WASHINGTON — The White House said Thursday it believes Egypt’s government is stable, but said the continuing protests provide President Hosni Mubarak an opportunity to enact reforms.

“We believe this represents an opportunity for Mubarak and the government to demonstrate its willingness to listen to its own people and devise a way to broaden the discussion and take some necessary actions on political reform,” White House spokesman Robert Gibbs said.

Tens of thousands of demonstrators have filled the streets of Cairo and other parts of Egypt in the largest anti-government protests in years. Demonstrators are calling for Mubarak’s ouster after 30 years in power.
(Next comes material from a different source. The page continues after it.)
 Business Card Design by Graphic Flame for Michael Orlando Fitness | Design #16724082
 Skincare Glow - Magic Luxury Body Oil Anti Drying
Gibbs called on both the government and demonstrators to refrain from violence, but also implored Egypt’s government to respect the public’s right to assembly.

When asked repeatedly about the perception that the White House was siding with the protesters and not Mubarak as the crisis rages, Gibbs stuck with an answer: “This is not about taking sides.”

The United States has urged peaceful political evolution in Egypt for years, but has tolerated routine police, judicial and human rights abuses there. The U.S. has also provided the country with tens of billions of dollars in aid since it made peace with Israel in 1978. Last year, Egypt got more than $1.5 billion in economic support and military assistance from the U.S.

Gibbs said the White House will continue to “push and prod” Mubarak to peacefully allow political freedoms, and that Obama does so each time he meets with the Egyptian president.

Protestors in Egypt have been inspired by the ouster of another long-time Middle Eastern leader, Tunisian President Zine El Abidine Ben Ali, in a popular uprising nearly two weeks ago. Protestors were also demonstrating Thursday in Yemen, demanding that country’s president step down.

Gibbs cautioned against linking the protests to one movement, saying that each country is at a different state in its political development.